Le grand emprunt est un grand classique. VGE avait dans les années 60 proposé au général de Gaulle une opération de cette nature. Il s’était entendu dire : « vous voulez laisser votre nom dans l’histoire financière comme Pinay ? Remarquez, d’Estaing, c’est de fait un nom d’emprunt ». Humilié par la remarque qui rappelait que les bourgeois Giscard voulaient se faire passer pour gentilhommes en ayant acheté « d’Estaing », VGE en était resté là. Il n’est revenu à la charge que dix ans plus tard avec un emprunt indexé sur l’or qui a coûté aux finances publiques dix fois ce qu’il avait apporté … !!

Hélas, il n’y a plus de de Gaulle pour arrêter Sarkozy dans son intention de donner son nom à du papier côté. Ce sont même à l’Elysée ceux qui passent pour les plus fervents admirateurs du Général, comme Henri Guaino, qui militent le plus pour l’emprunt. On aura donc de la « rente Sarkozy » comme naguère de la « Pinay » ou autrefois de la « Villèle ».

Pour Bercy, cet emprunt n’a pas de sens

Les services de Bercy ont bien essayé de rappeler que l’Etat n’a pas besoin de ce genre de gadget pour emprunter ; que depuis les réformes des années 80, le « grand emprunt » n’a guère de sens ; que de ce fait l’Etat va payer plus cher cet emprunt que dans le cas des procédures usuelles. Rien n’y a fait. Eric Woerth avait cru emporter le morceau en indiquant qu’en ce moment l’Etat emprunte à 3,75% à dix ans alors qu’EDF rémunère son dernier et spectaculaire emprunt 4,5% pour une durée de 5 ans. Ce qui signifie deux choses : un, que l’Etat aurait eu intérêt à emprunter lui-même puis à procéder à une augmentation de capital d’EDF ; deux, que l’emprunt Sarkozy devra être émis à un taux au moins égal à celui d’EDF et donc que l’Etat va payer plus cher cette ressource.

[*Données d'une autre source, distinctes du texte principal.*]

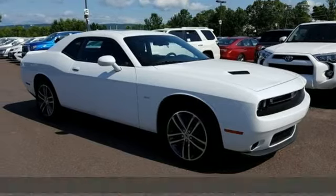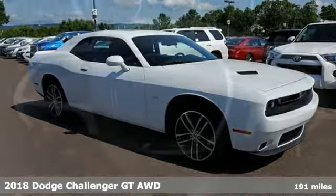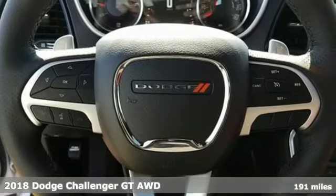It's a new 2018 Dodge Challenger. Power, performance, passion. It's a Dodge.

Sarkozy a balayé l’argument en faisant valoir que l’emploi efficace des sommes collectées justifierait une rémunération plus élevée. Dans les couloirs de Bercy, on ironise sur cette justification reprise à l’infini par les aboyeurs de la majorité style Frédéric Lefebvre. Elle signifie en effet que jusqu’à présent, l’Etat gaspillait sans vergogne ce qu’il recevait !! 44% du PIB part en prélèvements obligatoires et, à entendre nos dirigeants eux-mêmes, c’est en pure perte, puisque seules peuvent préparer l’avenir les sommes étiquetées explicitement « Nicolas Sarkozy ».

Objectif, faire plus que Balladur en 1993

Si pour le moment, le montant n’est pas fixé, certains n’hésitent pas à parler de 100 milliards d’euros, plus d’un quart de l’épargne disponible, de quoi assécher tout le marché et priver les autres emprunteurs, notamment les entreprises, de ces ressources. Bercy essaie de calmer le jeu, militant plutôt pour une version minimale, de l’ordre de 10 milliards. Le cabinet du Premier ministre table sur 25 milliards, soit l’équivalent en montant actualisé de l’emprunt Balladur de 1993. Faire moins serait humiliant pour Sarkozy, faire plus indélicat pour son ancien gourou.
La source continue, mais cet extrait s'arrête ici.